The Dominy In America line from Nathaniel Dominy
    Nathaniel Dominy was one of three brothers who emigrated from England to America with John Winthrop and fourteen hundred Puritan emigrants. They landed at Salem and founded the Plymouth Rock colony in 1630.
    It appears that some drifted to other colonies such as Connecticut, Rhode Island and the eastern end of Long Island, being settled by the English from the Plymouth Rock Colony.
    Nathaniel was born in England, date unknown and married Sarah Edwards, daughter of William and Sara (Cole) Edwards, December 25, 1669, and died about 1690 at East Hampton, Long Island, New York.   About 1650 or 1655, built his log cabin at Dominy’s Point, on Three Miles Harbor which beats back into the island from Gardners Day, a distance three miles long and three miles from East Hampton.
    The following, taken from E. P. Hodges, History of East Hampton, New York, 1897: "At a very early day, long before 1700, the DOMINY family came to East Hampton; their origin was Irish, their character positive, their genious inventive."
    The first ancestors are reported to have died young; which reveals to me that there must have been some earlier history or this statement could not have been made relative to our family.
    Also quoting from William R. Cutter, Genealogical and Family Historian, Northern New York, 1910: "Three brothers of this name emigrated from England early in the 17th century. One settled in New Jersey; one on the west side of Long Island; and the third, whose Christian name was NATHANIEL, became a resident of East Hampton, Long Island, New York.
    The DOMINS came from Maidstone, Kent, first to Massachusetts or Connecticut, than to the founding of Maidstone, now known as East Hampton, Long Island, New York. From the same reference, it shows that September ye 8, 1683, the estimate of East Hampton gives the list of 71 names, presumably the heads of families, and among them we find: NATHANIEL DOMINY - Listed for Taxation 1683, 1 head, 13 land, 2 oxen, 4 cattle, 3 horses, 1 swine, 3 sheep, 71 pounds and 12 shillings. His wealth at that day, based upon our present day rate of exchange would be 8357.66 in United States Money.
    The muster roll of Captain Ezekiel Mulford Company, in Josiah Smith Regiment, etc., time of Enlistment, July 26, 1776, 13 Company, 1st Regiment of Minute Men, gives the name of HENRY DOMINY, Yoeman. It also shows that Nathaniel Dominy was a surveyor for the village of East Hampton, from 1777 to 1779, and Felix, a grandson, held the same position from 1834 to 1835.

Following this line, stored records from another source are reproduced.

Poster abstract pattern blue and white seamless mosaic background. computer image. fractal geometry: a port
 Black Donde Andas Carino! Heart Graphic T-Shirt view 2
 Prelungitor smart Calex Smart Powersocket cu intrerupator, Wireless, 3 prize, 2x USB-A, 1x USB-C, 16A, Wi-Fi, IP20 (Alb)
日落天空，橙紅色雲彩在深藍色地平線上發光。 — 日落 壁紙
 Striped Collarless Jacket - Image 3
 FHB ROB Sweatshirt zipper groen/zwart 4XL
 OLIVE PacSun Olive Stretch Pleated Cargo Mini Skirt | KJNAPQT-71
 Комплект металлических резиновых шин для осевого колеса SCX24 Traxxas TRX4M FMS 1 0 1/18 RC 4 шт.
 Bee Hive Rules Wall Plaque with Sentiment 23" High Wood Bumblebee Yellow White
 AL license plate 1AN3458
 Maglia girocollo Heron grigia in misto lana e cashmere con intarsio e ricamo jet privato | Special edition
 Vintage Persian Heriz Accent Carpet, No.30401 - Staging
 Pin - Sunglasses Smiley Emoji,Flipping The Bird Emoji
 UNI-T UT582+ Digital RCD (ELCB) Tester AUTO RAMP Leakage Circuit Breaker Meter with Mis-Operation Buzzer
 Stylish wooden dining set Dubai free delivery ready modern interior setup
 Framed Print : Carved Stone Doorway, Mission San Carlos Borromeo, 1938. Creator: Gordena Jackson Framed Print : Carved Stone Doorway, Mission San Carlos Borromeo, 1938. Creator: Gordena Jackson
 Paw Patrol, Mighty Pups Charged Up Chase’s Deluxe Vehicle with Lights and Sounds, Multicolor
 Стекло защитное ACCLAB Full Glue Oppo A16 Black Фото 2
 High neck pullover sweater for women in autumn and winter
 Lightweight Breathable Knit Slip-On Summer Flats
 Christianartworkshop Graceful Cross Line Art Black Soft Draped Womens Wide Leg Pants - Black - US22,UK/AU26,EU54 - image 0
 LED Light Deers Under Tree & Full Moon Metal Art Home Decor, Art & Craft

LONG ISLAND FORUM SEPTEMBER 1955

The Old Dominy House
    The old Dominy House was eventually taken down, much to many people's regret, but fortunately Mr. Dudley Roberts Jr. was in time to rescue the two most interesting parts of it - the Clock Shop at one end and the Cabinetmaker's Shop at the other.
    He combined them into one building, using as much of the original lumber as he could find or buy. and placed it on one of East Hampton's old dunes as a weekend retreat. Furnishing it with old things (Dominy as much as possible) he made it a most interesting place for himself and friends.
    It is regrettable that one of the shops could not have been placed somewhere in the village as a memento to the Clockmaker. Clinton Academy has two of the old clocks, but the tools that Mr. Dominy fashioned himself for use in making the clocks have been sold to the DuPonts of Wilmington, Delaware, to be exhibited there with one of the clocks and other objects which Mr. Dominy made. I regret that they were not placed in the old Academy here or, at least, retained in this village.
    In recent years I visited Bristol,Connecticut, to see the old Clock Museum there, It was with great delight that I could tell them of East Hampton's clocks and present a copy of the Forum telling about them. With my permission they made copies of the article.
So Dominy Clocks are becoming better known, and the ingenious Clockmaker's work lives on.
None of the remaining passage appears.